They are both funded and controlled by self-serving so-called “money bags” and “godfathers”. Indeed, in each of these parties, State Governors have increasingly become the “money bags” and godfathers, controlling and influencing the leadership recruitment processes and virtually all affairs of the parties, by virtue of their control of, and corrupt enrichment from, public resources.
Consequently, patronage, clientelism and prebendal dispositions constitute the framework for leadership/candidate recruitment. The significance of assessment of character traits and personal attributes of potential recruits is jettisoned and replaced by arbitrariness, and selfserving objectives and dispositions.
The integrity of the electoral process is being systemically undermined covertly as well as overtly by the dominant elite in governance and their political parties. For example, as they ‘select’ or ‘recruit’ potential clients an put them forth as ‘candidates’ in elections, they use all sorts of undemocratic, illiberal and fraudulent means to get them “elected”. Such elected ‘representatives’ in governance proceed to stand the assumptions of liberal democratic theory mentioned earlier, on its head: the dominant elite become the masters and principals, the state becomes their agent, and citizens become their servants, or even their slaves. Specifically, they proceed to use their elective positions to pander to their godfathers; to corruptly enrich themselves and recoup their personal ‘investments’ and those of their patrons in electoral politics; and either because of incompetence or lack of care, they proceed to woefully fail to provide exemplary leadership with good governance, and in satisfying the basic needs and aspirations of the citizens.
The current Nigerian situation, therefore, clearly indicates that, although we are living in the 21st century and claiming to operate under a liberal democratic dispensation, our greedy and fractious elite who have put a stranglehold on electoral party politics, are not abiding by its basic tenets and principles and are undemocratically recruiting pliant, incompetent or equally greedy and selfserving followers, further compounding the crisis of leadership and governance, and accelerating instability, insecurity and the fragility of the increasingly failing Nigerian state.
What is to be Done?
Clearly the current context of our democratic development, as well as the character and nature of the Nigerian state, lives much to be desired. For Nigeria to stabilize and progress as a modern democratic nation state in the 21st century, we have to work hard to change our ways.
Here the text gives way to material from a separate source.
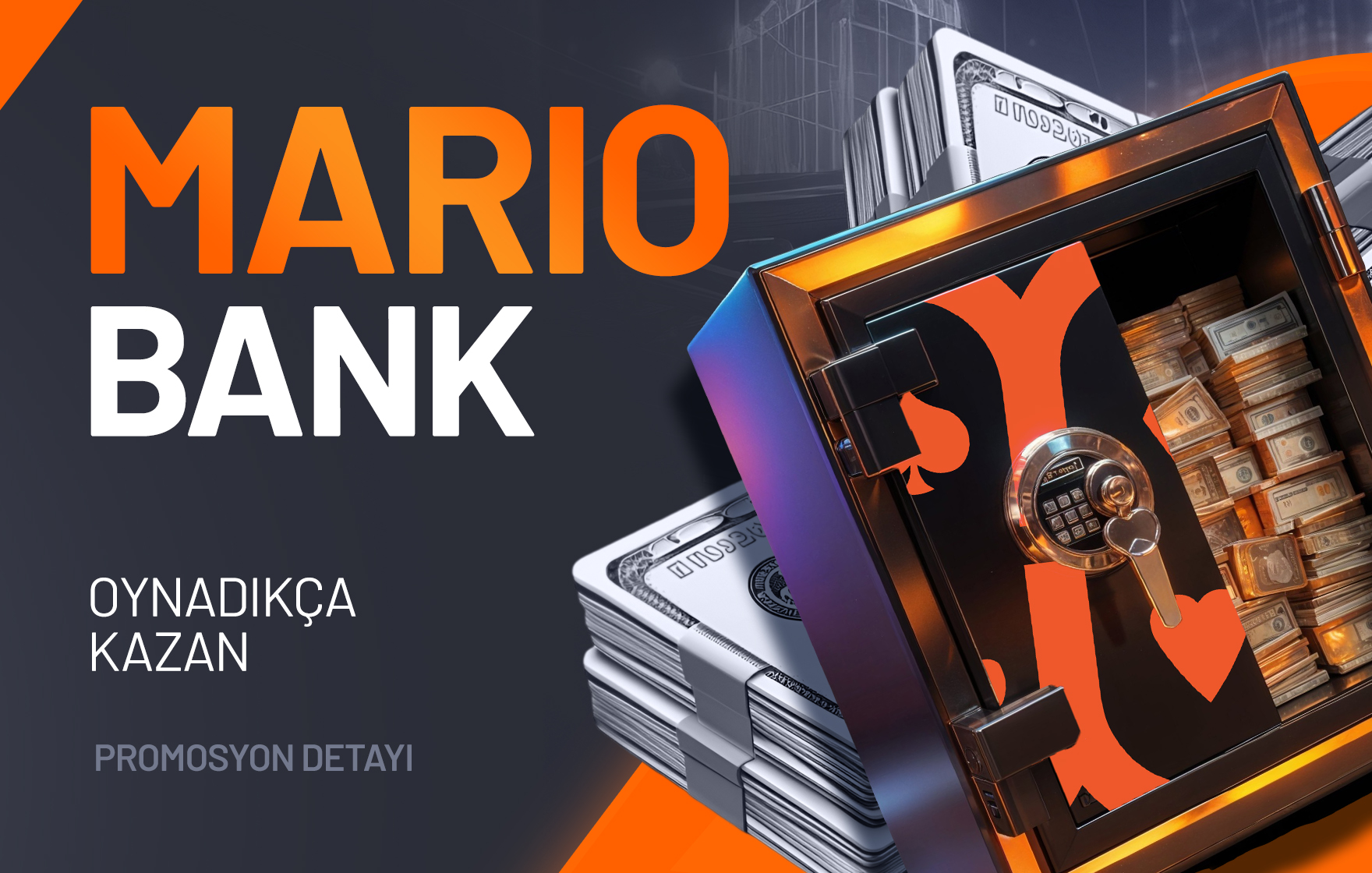 1.mariobet, Özel Fırsatlar Sunmaya Devam Ederek Kullanıcılarını Memnun Etmeyi Sürdürüyor. Mariobank Sistemi, Yalnızca Mariobet Üyelerine Özel Olarak Sunulmaktadır. - Mariobet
The current so-called 2 dominant political parties, the APC and PDP, with their faulty recruit and leadership selection processes, who have shared power and have, tended to lead Nigeria astray in the past 21 years, are becoming incapable of redirecting Nigerian political and governance processes in the right direction. The dominant elite in these parties are too self-centred, fractious and quarrelsome; lacking in enlightened self-interest, and seem incapable of forging the desired elite consensus to more the country forward.
We need to create a new special purpose vehicle(s) for people-oriented interest aggregation, interest articulation, and popular mobilization to free our country from the stranglehold placed on it by reckless, visionless and parochial politicians. For too long, patriotic, enlightened, capable and competent citizens of our country have pursued a “siddon-look” disposition, considering electoral politics as murky, dirty and criminally minded enterprise, which honest decent people should not engage with. By so doing, they have allowed dishonest, bad and unwholesome tendencies to become domineering in the Nigerian political, electoral and governance spaces. As things are now, this attitude needs to, has to, change, urgently, before the reckless band of politicians currently in control of Nigerian national affairs run the country aground. We need more betterquality citizens, honest people, with sincerity of purpose, with integrity and courage of conviction, and who are selfless, in electoral politics and governance at all levels, local, state and federal, so as to remarkably improve law-making and public policy making that can remarkably improve management of diversity in our federation and appropriate utilization of national resources to satisfy the basic needs and aspirations of Nigerian citizens. This may seem difficult, but it is not impossible, we forge unity of purpose and try harder to actualize the objective.
Thank you and God Bless.
References
Ghani, A. and C. Lockhart. 2008. Fixing Failed States. A Framework for Rebuilding a Fractured World. Oxford: Oxford University Press.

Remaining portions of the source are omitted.